Here are my GPU related details:
NVIDIA-SMI 361.77 Driver Version: 361.77 |
|-------------------------------+----------------------+----------------------+
| GPU Name Persistence-M| Bus-Id Disp.A | Volatile Uncorr. ECC |
| Fan Temp Perf Pwr:Usage/Cap| Memory-Usage | GPU-Util Compute M. |
|===============================+======================+======================|
| 0 GeForce GTX TIT... Off | 0000:01:00.0 On | N/A |
| 22% 42C P8 18W / 250W | 449MiB / 12211MiB | 0% Default |
+-------------------------------+----------------------+----------------------+
The only changes I made are in my input data layers and fc8 layer as shown below:
name: "deeplab_largeFOV"
layer {
name: "data"
type: "ImageSegData"
top: "data"
top: "label"
image_data_param {
root_folder: ""
source: "/media/aisha/Drive2/Research_Project/datasets/egohands_data/list/train.txt"
label_type: PIXEL
batch_size: 5
shuffle: true
}
transform_param {
mean_value: 104.008
mean_value: 116.669
mean_value: 122.675
crop_size: 321
mirror: true
}
include: {
phase: TRAIN
}
}
layer {
name: "data"
type: "ImageSegData"
top: "data"
top: "label"
image_data_param {
root_folder: ""
source: "/media/aisha/Drive2/Research_Project/datasets/egohands_data/list/train.txt"
label_type: PIXEL
batch_size: 5
shuffle: true
}
transform_param {
mean_value: 104.008
mean_value: 116.669
mean_value: 122.675
crop_size: 513
mirror: true
}
include: {
phase: TEST
stage: "test-on-train"
}
}
layer {
name: "data"
type: "ImageSegData"
top: "data"
top: "label"
image_data_param {
root_folder: ""
source: "/media/aisha/Drive2/Research_Project/datasets/egohands_data/list/val.txt"
label_type: PIXEL
batch_size: 5
shuffle: true
}
transform_param {
mean_value: 104.008
mean_value: 116.669
mean_value: 122.675
crop_size: 513
mirror: true
}
include: {
phase: TEST
stage: "test-on-test"
}
}
----------------------
Also here is my fc8 layer:
layer {
bottom: "fc7"
top: "fc8_EgoHands"
name: "fc8_EgoHands"
type: "Convolution"
# strict_dim: false
param {
name: "fc8_w"
lr_mult: 10
decay_mult: 1
}
param {
name: "fc8_b"
lr_mult: 20
decay_mult: 0
}
#blobs_lr: 10
#blobs_lr: 20
#weight_decay: 1
#weight_decay: 0
convolution_param {
num_output: 2 #only 2 classes 'hands' and 'background'
kernel_size: 1
weight_filler {
type: "gaussian"
std: 0.01
}
bias_filler {
type: "constant"
value: 0
}
}
}
and the rest of the network:
layer {
bottom: "label"
top: "label_shrink"
name: "label_shrink"
type: "Interp"
interp_param {
shrink_factor: 8
pad_beg: 0
pad_end: 0
}
}
layer {
name: "loss"
type: "SoftmaxWithLoss"
bottom: "fc8_EgoHands"
bottom: "label_shrink"
loss_param {
ignore_label: 255
}
include: { phase: TRAIN }
}
layer {
name: "accuracy"
type: "SegAccuracy"
bottom: "fc8_EgoHands"
bottom: "label_shrink"
top: "accuracy"
seg_accuracy_param {
ignore_label: 255
}
include: { phase: TEST }
}
Also, my solver is as follows:
net: "/media/aisha/Drive2/datasets/egohands_data/deeplabTrainonEgoHands.prototxt"

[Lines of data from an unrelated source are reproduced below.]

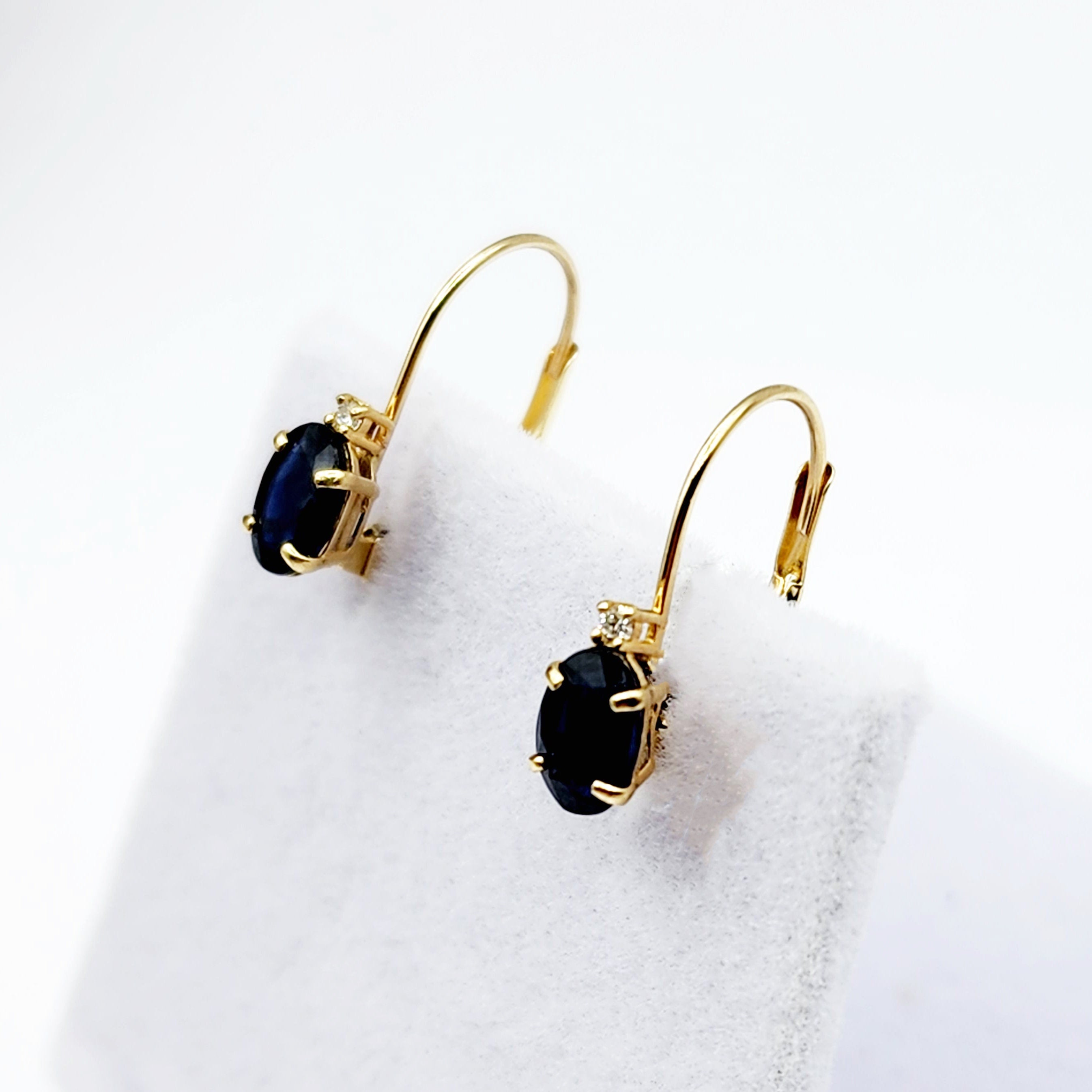 14K Yellow Gold Lever back Blue Sapphire Earrings, Gold Earrings with Genuine Gemstone 6x4mm and Diamonds, September Birthstone Gift for Her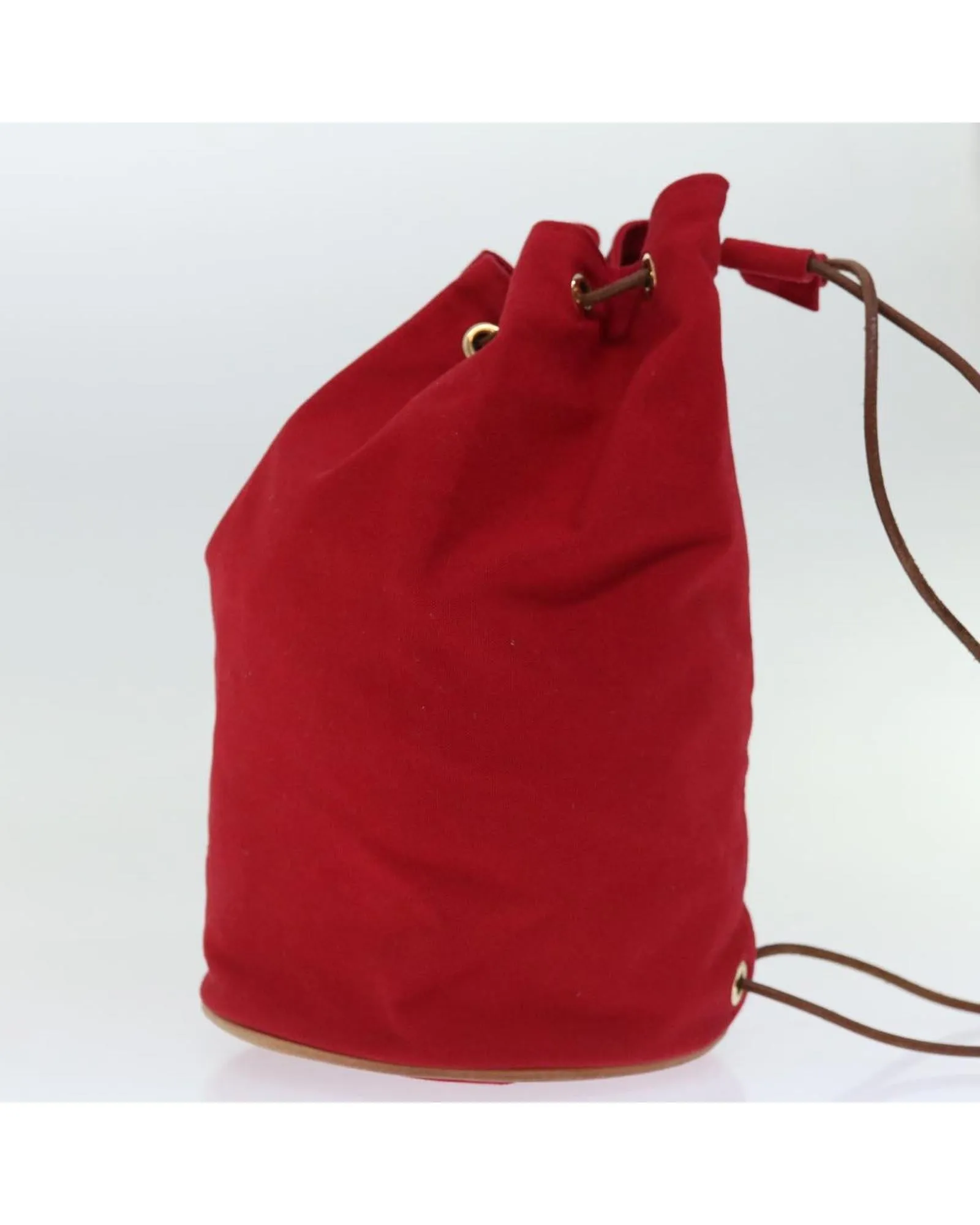 Canvas Shoulder Bag with Red Accents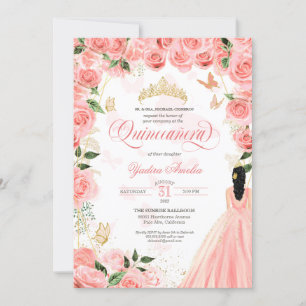 Quinceanera Pink Blush Rose Elegante Butterfly Inv Einladung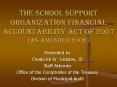 The School Support Organization Financial Accountability Act of 2007 (as amended 2008) PowerPoint PPT Presentation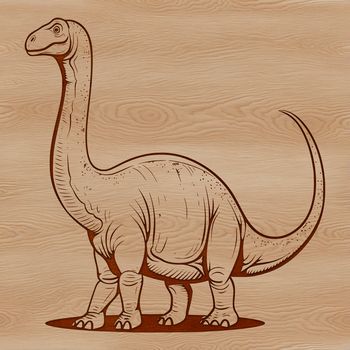 A large, long-necked brachiosaurus dinosaur from the prehistoric era.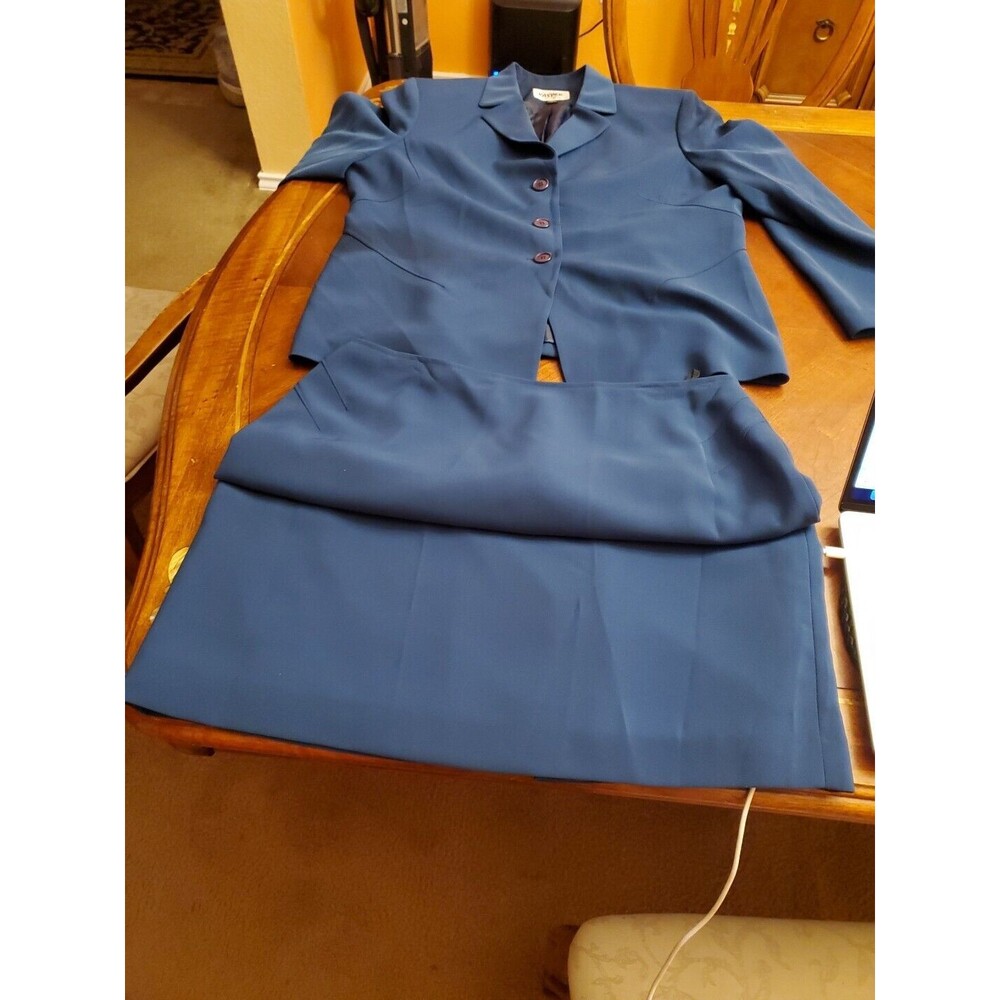 Kasper Women's Navy Blue Skirt Suit Blazer & Skirt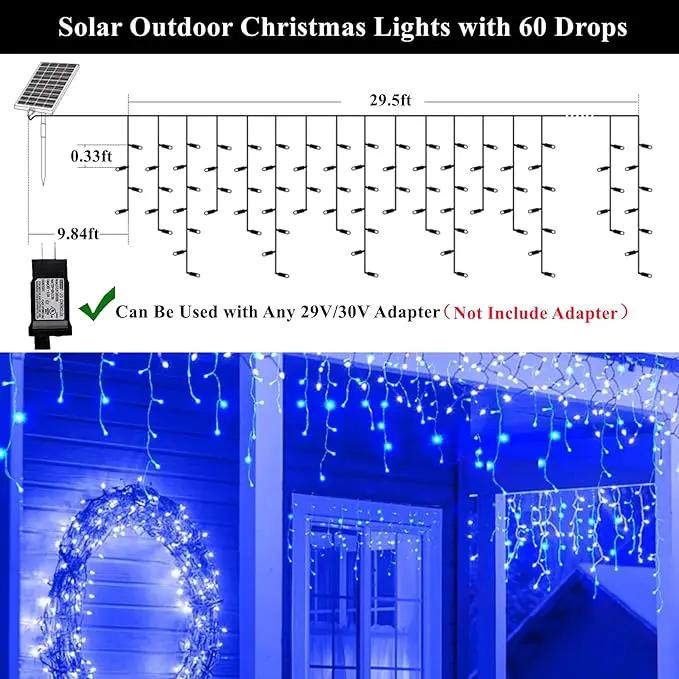Solar Christmas Lights Outdoor Waterproof Christmas Decorations Curtain Lights 320LED 29.5ft 60 Drops, Solar Powered Rechargeable Fairy Lights for Party, Wedding, Home Decorations(Blue) by GreenHaven Gardens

test_state: { stage: 'test-on-train' }
test_iter: 16
test_state: { stage: 'test-on-test' }
test_iter: 16
test_interval: 500
test_compute_loss: true
lr_policy: "step"
gamma: 0.1
stepsize: 2000
base_lr: 0.001
display: 10
max_iter: 8000
momentum: 0.9
weight_decay: 0.0005
snapshot: 2000
snapshot_prefix: "/media/aisha/Drive2/datasets/egohands_data/EgoHandsSnapshots/deeplab_ego_finetune"
solver_mode: GPU
I have tried changing ignore_label field to 0 in my loss and accuracy layer, but it kept on giving me that 'unexpected label' error. So I left these fields as is.
I am not sure, where am I doing mistake. Any help will be highly appreciated.
Thanks!